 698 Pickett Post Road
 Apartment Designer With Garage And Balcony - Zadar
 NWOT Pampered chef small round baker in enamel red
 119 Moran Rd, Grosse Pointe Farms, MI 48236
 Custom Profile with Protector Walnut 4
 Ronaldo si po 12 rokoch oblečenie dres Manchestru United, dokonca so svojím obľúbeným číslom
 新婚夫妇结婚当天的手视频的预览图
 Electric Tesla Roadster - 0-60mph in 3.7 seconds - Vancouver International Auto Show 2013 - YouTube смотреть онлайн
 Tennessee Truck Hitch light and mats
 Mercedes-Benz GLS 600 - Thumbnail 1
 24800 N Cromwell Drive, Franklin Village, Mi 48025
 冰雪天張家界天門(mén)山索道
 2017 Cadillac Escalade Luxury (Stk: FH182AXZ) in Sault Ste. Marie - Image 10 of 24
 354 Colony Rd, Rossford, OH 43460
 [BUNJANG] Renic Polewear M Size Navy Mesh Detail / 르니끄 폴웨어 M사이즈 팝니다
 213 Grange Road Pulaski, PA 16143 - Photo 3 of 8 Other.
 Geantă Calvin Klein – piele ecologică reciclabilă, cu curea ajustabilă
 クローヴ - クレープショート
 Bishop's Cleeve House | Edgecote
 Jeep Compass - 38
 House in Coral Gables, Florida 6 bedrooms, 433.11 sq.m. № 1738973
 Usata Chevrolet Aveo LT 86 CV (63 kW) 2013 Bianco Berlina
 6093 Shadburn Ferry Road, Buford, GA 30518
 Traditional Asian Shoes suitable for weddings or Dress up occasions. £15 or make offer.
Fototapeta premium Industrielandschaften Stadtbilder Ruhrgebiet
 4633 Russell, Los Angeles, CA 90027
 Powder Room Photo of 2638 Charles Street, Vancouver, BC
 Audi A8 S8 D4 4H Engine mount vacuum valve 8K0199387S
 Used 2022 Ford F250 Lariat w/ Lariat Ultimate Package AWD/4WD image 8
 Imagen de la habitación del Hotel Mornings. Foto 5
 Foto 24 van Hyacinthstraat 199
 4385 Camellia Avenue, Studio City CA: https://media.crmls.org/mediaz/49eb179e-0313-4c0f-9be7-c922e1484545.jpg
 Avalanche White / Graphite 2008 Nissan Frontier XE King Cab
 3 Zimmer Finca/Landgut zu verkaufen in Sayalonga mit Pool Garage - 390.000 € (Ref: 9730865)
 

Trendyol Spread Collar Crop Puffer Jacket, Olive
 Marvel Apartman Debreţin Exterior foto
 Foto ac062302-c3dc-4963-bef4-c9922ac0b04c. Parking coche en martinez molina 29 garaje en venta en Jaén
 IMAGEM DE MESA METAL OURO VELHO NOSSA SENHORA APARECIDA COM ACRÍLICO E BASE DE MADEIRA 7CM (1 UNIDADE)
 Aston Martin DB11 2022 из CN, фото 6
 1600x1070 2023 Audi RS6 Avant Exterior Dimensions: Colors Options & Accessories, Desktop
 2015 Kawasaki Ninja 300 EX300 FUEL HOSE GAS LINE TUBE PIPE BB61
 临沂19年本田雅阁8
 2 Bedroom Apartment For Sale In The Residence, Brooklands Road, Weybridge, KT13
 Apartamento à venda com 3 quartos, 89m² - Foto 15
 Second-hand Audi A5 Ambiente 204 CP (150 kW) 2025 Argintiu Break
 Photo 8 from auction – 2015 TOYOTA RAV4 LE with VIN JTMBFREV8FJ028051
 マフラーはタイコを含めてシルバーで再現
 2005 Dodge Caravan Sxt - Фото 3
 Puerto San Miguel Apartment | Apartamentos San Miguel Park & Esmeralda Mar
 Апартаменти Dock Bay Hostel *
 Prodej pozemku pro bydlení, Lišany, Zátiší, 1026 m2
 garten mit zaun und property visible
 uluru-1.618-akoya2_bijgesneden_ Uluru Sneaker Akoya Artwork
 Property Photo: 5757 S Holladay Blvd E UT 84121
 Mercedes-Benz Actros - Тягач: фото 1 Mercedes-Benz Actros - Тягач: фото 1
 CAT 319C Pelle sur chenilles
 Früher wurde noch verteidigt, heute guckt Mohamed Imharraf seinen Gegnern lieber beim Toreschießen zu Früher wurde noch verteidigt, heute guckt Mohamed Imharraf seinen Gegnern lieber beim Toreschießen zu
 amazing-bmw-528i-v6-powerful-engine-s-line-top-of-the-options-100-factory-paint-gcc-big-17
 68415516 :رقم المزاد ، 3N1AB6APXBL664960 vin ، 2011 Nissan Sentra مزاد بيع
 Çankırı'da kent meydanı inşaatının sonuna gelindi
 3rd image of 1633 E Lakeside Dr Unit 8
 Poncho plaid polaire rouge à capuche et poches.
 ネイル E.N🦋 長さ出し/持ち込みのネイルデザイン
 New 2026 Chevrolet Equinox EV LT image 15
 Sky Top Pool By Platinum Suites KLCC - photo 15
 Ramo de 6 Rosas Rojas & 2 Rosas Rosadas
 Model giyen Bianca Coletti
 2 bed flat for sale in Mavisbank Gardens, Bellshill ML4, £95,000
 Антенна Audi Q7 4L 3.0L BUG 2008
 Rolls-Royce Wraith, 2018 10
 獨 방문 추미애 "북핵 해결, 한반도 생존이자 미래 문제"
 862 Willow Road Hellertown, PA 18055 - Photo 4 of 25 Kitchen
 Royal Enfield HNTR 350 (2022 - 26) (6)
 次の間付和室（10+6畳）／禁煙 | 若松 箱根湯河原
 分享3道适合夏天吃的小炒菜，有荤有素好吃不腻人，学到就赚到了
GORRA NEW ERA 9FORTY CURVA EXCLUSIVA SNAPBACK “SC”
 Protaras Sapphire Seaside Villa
========================================================================
### What needs to be done
Send back exactly the lines of the listing above starting at the one with "Second-hand Audi A5" and ending at the one with "ネイル E.N🦋 長さ出し/持ち込みのネイルデザイン", inclusive, and no others.

### Finished task
 Second-hand Audi A5 Ambiente 204 CP (150 kW) 2025 Argintiu Break
 Photo 8 from auction – 2015 TOYOTA RAV4 LE with VIN JTMBFREV8FJ028051
 マフラーはタイコを含めてシルバーで再現
 2005 Dodge Caravan Sxt - Фото 3
 Puerto San Miguel Apartment | Apartamentos San Miguel Park & Esmeralda Mar
 Апартаменти Dock Bay Hostel *
 Prodej pozemku pro bydlení, Lišany, Zátiší, 1026 m2
 garten mit zaun und property visible
 uluru-1.618-akoya2_bijgesneden_ Uluru Sneaker Akoya Artwork
 Property Photo: 5757 S Holladay Blvd E UT 84121
 Mercedes-Benz Actros - Тягач: фото 1 Mercedes-Benz Actros - Тягач: фото 1
 CAT 319C Pelle sur chenilles
 Früher wurde noch verteidigt, heute guckt Mohamed Imharraf seinen Gegnern lieber beim Toreschießen zu Früher wurde noch verteidigt, heute guckt Mohamed Imharraf seinen Gegnern lieber beim Toreschießen zu
 amazing-bmw-528i-v6-powerful-engine-s-line-top-of-the-options-100-factory-paint-gcc-big-17
 68415516 :رقم المزاد ، 3N1AB6APXBL664960 vin ، 2011 Nissan Sentra مزاد بيع
 Çankırı'da kent meydanı inşaatının sonuna gelindi
 3rd image of 1633 E Lakeside Dr Unit 8
 Poncho plaid polaire rouge à capuche et poches.
 ネイル E.N🦋 長さ出し/持ち込みのネイルデザイン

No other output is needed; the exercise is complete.